§ **How to complete this task**:
Below are some records. Retype exactly the lines from the one containing "SKU-9825 / Βέρες" through the one containing "Goensjt 1300PCS Pearls", both included, skipping every picture.
··· Provided records ···
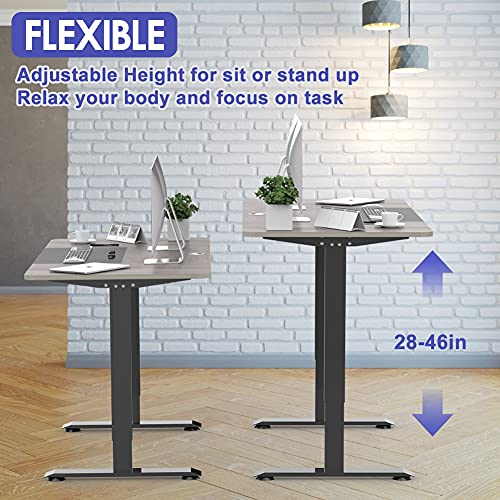 Electric Standing Desk, 4 Memory Contorller, Sit Stand Up Desk for Home Office, 55"x28" Adjustable Height Automatic Rising Sturdy Computer Workstations, Willow Wood Grain&Leather Table Top/Black Frame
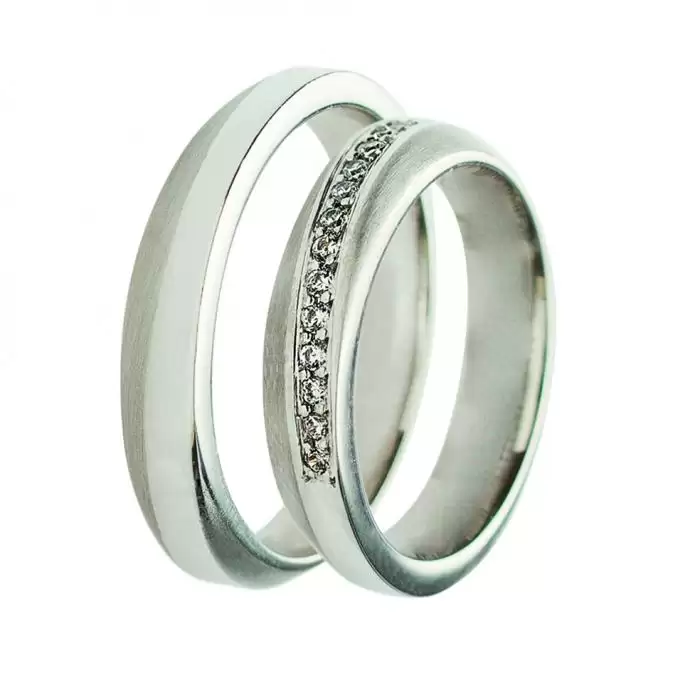 SKU-9825 / Βέρες Γάμου Jeweler Λευκόχρυσος με Ζιργκόν, Κ9-Κ14-Κ18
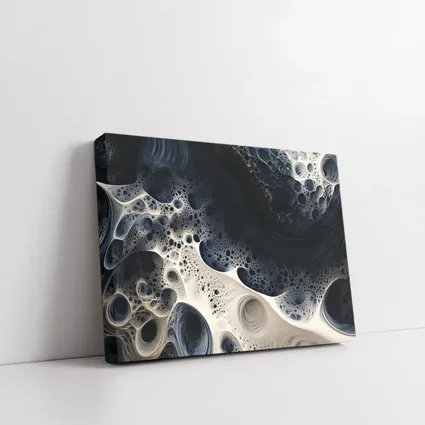 Dark Blue White Abstract Fractal Foam Art
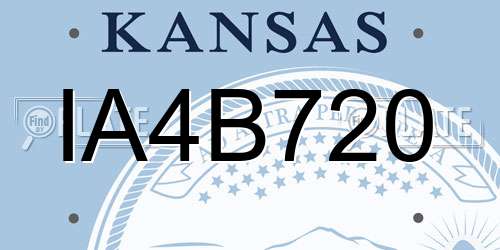 IA4B720 Kansas License Plate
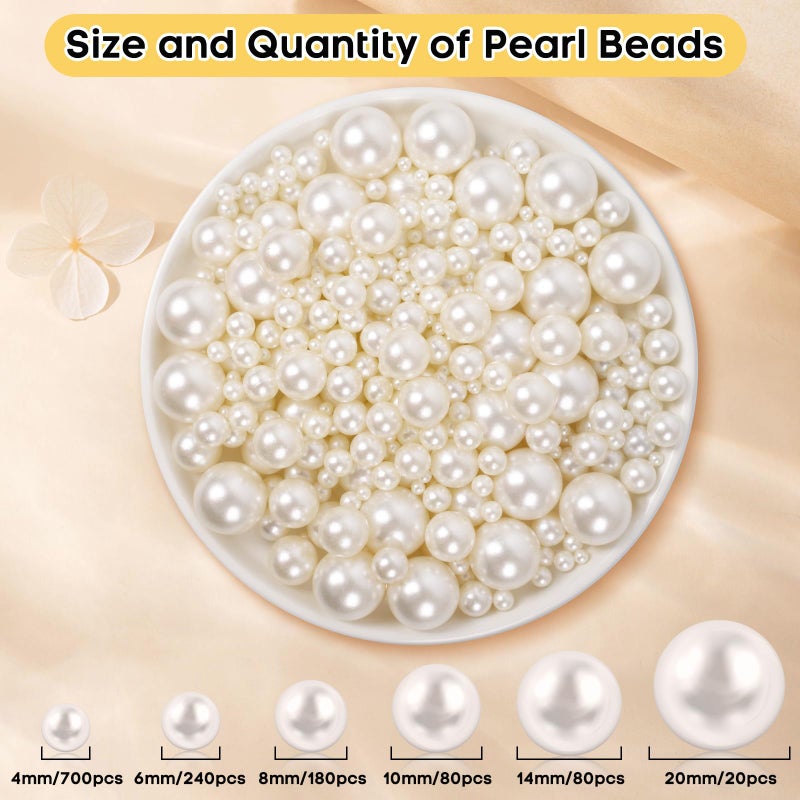 Goensjt 1300PCS Pearls for Vase Filler,Ivory Pearl Beads with No Hole,Vase Filler Fake Pearls, Artificial Plastic Pearl Beads for Table Scatters, Wedding Party,Decoration - Image 2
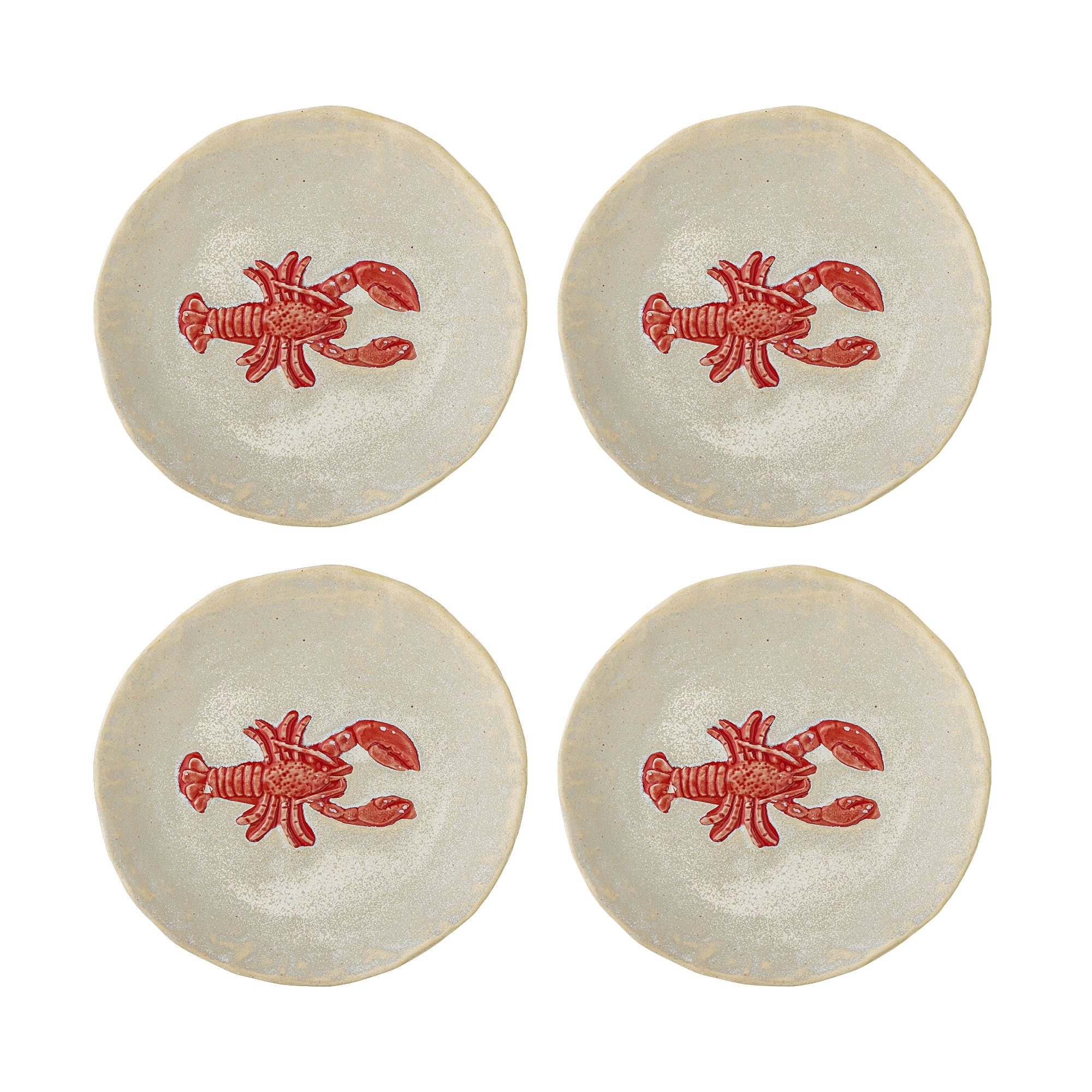 Bloomingville - Hadden Tallerken, Rød, Stentøj, D13xH1,5 cm, Set of 4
···
§ **Task output**:
 SKU-9825 / Βέρες Γάμου Jeweler Λευκόχρυσος με Ζιργκόν, Κ9-Κ14-Κ18
 Dark Blue White Abstract Fractal Foam Art
 IA4B720 Kansas License Plate
 Goensjt 1300PCS Pearls for Vase Filler,Ivory Pearl Beads with No Hole,Vase Filler Fake Pearls, Artificial Plastic Pearl Beads for Table Scatters, Wedding Party,Decoration - Image 2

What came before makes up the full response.